Sustainability, packaging and consolidation
Morris added that sustainable sourcing was growing in importance particularly among the middle-classes in developed markets.
Many confectioners, such as Mars and Ferrero have spotted the trend and have made pledges to source only certified cocoa over the next eight years.
According to Morris, packaging will be another way confectioners can stand out. He said that packaging, such as share-bag with reseal strips that can maintain freshness and allow portion control, would appeal to health conscious consumers
KMPG also expects premium chocolate to move into the mainstream and anticipates confectioners to open more flagship stores as Mars and Hershey had done for M&Ms to help build brand awareness.
Morris added that outsourcing chocolate manufacturing to firms like Barry Callebaut could also gather pace as confectioners start to focus purely on sales and marketing operations .
Tapping into growth in emerging markets
In order to capitalise on high rates of growth in emerging markets, such as the BRIC countries, Morris said that “a global set of local operations” was needed.
India is anticipated to grow faster than all other emerging markets, according to KPMG.
It said in its report widespread lactose intolerance in China had made for a slower than anticipated start in China, but premium products were selling well with over half of sales bough as gifts.
“There is an opportunity in new developing markets in eventing and gifts,” said Morris, giving Chinese New Year as just one example.
He added that the introduction of spices into chocolate was also gaining momentum in Asia-Pacific.
The health movement: threat or opportunity?
The emergence of health legislation from national governments could be a threat to the industry, said Morris.

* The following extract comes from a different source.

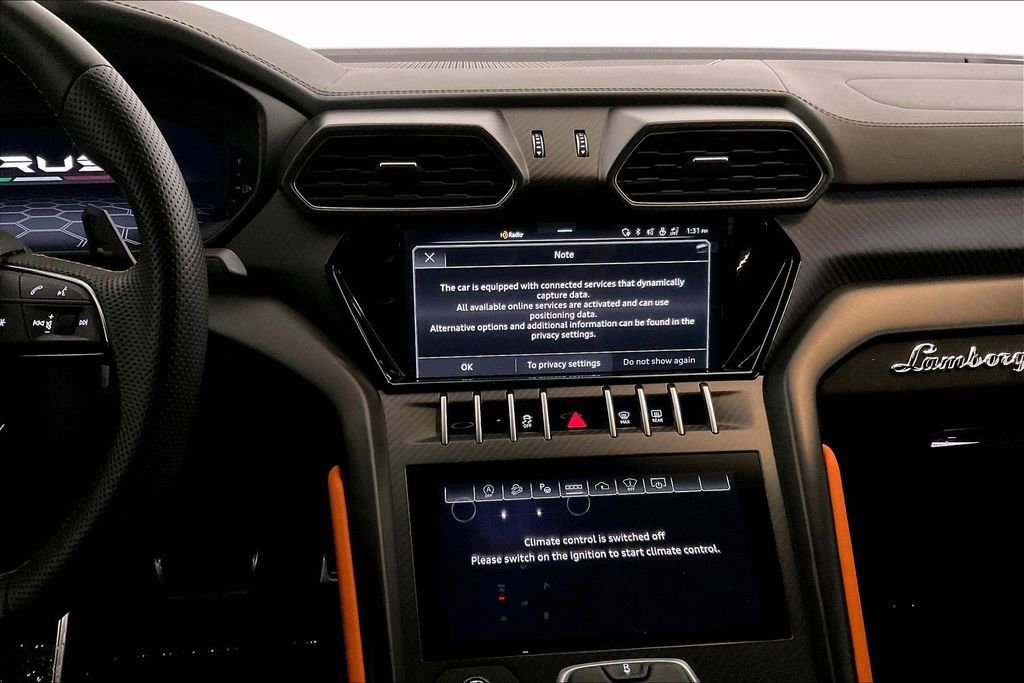 Used 2022 Lamborghini Urus image 11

However, he added that regulation need not become burdensome if chocolatiers were to lobby to bring out the nutritional benefits of chocolate.
The industry’s marketing capacity for communicating the health benefits of chocolate has yet to be realised, he said.
According to Morris, the single largest threat to the industry up until 2030 is the supply and demand curve on cocoa.
If demand were to outpace supply it could lead to chocolatiers using less cocoa in milk chocolate, he said.
He added that ingredients firms, such as flavour house Firmenich, were already finding ways to account for the loss of cocoa in the formulation.